* [INSTRUCTIONS TO FOLLOW]
From the data below, repeat exactly the lines from the line with "Pimienta 9- Santa" to the line with "Bright Crystal Absolu Eau de Parfum 90 ml", both included.

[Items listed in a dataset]
▬▬▬▬▬▬▬▬▬▬
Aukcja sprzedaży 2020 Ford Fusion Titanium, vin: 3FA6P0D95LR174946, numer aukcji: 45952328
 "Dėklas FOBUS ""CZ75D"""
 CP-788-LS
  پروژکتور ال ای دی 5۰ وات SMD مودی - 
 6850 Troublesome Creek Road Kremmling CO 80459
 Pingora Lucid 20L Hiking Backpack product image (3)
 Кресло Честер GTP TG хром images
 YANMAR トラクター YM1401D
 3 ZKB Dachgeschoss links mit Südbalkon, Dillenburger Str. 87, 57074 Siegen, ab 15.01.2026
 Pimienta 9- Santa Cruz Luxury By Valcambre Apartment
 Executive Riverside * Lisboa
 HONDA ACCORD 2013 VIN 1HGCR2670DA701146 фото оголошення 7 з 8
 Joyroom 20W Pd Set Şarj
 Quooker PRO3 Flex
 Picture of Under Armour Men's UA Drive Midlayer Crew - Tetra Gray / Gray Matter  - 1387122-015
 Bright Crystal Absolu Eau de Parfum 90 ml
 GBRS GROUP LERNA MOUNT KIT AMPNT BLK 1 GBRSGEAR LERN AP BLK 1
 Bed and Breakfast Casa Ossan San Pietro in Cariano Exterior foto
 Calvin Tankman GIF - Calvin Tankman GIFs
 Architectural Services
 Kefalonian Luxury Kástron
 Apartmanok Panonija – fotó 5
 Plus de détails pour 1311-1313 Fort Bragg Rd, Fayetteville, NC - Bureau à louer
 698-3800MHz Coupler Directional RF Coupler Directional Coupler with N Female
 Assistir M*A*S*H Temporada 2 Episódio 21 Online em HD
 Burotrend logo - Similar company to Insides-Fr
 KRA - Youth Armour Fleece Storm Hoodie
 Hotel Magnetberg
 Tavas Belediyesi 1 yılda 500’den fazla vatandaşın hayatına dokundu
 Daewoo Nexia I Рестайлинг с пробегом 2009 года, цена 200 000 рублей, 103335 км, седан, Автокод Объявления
▬▬▬▬▬▬▬▬▬▬
* [RESPONSE]
 Pimienta 9- Santa Cruz Luxury By Valcambre Apartment
 Executive Riverside * Lisboa
 HONDA ACCORD 2013 VIN 1HGCR2670DA701146 фото оголошення 7 з 8
 Joyroom 20W Pd Set Şarj
 Quooker PRO3 Flex
 Picture of Under Armour Men's UA Drive Midlayer Crew - Tetra Gray / Gray Matter  - 1387122-015
 Bright Crystal Absolu Eau de Parfum 90 ml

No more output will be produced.